Considerable research has demonstrated the developmental and functional similarities among higher primate fetal and neonatal adrenal tissues (12, 13, 26, 36). Morphologically, the definitive and transitional zones of the adrenal gland appear by week 30 of gestation. Expression of 3-β-hydroxysteroid dehydrogenase, a critical enzyme in the synthesis of cortisol, becomes increasingly evident in the definitive and transitional zones during the third trimester in the human and baboon fetus. Together, these findings support the concept of increased risk for functional adrenal insufficiency as gestation decreases. Coulter and colleagues (15) have demonstrated a significant increase in plasma ACTH and cortisol in the fetal rhesus in response to a hemorrhagic stress. The response, however, was much greater in the near-term (approximately 90% gestation) fetus compared with a slightly more immature fetus (approximately 80% gestation). A previous report from this center demonstrated that the 140-d premature baboon infant (76% gestation) was capable of mounting a significant endocrine response to stress, though the cortisol response was not as great as that found in term human infants (14, 37). More recently, we reported that the immature 125-d baboon has numerous clinical similarities to the very low birth weight human including the frequent occurrence of a glucocorticoid responsive hypotension (16, 17).

It is important to point out that the dose of glucocorticoid used increased UCER by 6- to 10-fold among treated infants. This increase is consistent with the stress response reported among ill infants and children (38). It also should be noted that cardiovascular improvement began within 4–6 h of initiating hydrocortisone, similar to the time interval reported among immature human infants (6, 7, 23). Finally, though most studies have described treatment course of 1–2 wk duration, we demonstrated sustained improvement in cardiovascular function, without reduction in subsequent UCER, after only 12–24 h of therapy. This is consistent with reports that prolonged courses of glucocorticoids may not be necessary to maintain cardiovascular benefit, and should be discouraged (7, 22, 23). Given the many organs affected by cortisol, randomized controlled trials are needed to better define the optimal dose, duration and effects of hydrocortisone replacement therapy in the immature infant.
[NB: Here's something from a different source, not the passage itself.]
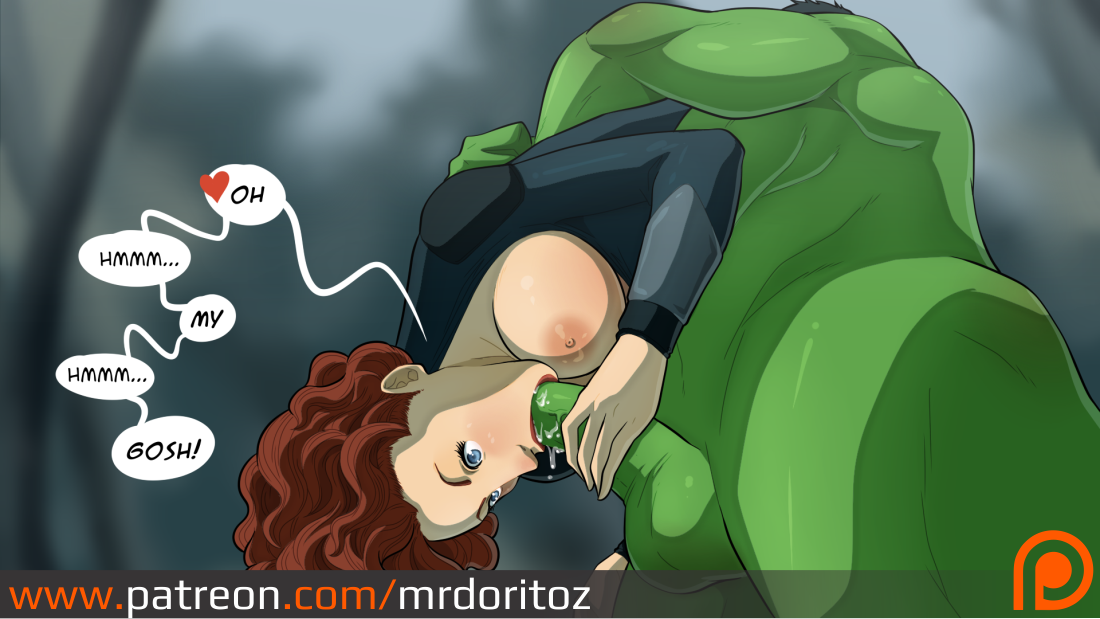 cartoonpornnsfw:  Hulk and Black Widow mini comic.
In summary, our findings suggest an impaired cortisol stress response early in life in immature baboon infants consistent with that described in very premature human infants. Animals most affected demonstrated significantly impaired cardiovascular function, with improvement associated with hydrocortisone therapy. In comparison to the human situation, there are some limitations of this model such as elective cesarean delivery, lack of premature labor and/or rupture of the membranes, the absence of chorioamnionitis, and no antenatal steroid therapy. Nonetheless, given the many other similarities between the 125-d baboon and the immature human, this model may be useful for further physiologic and pharmacological studies of early stress response in immature infants.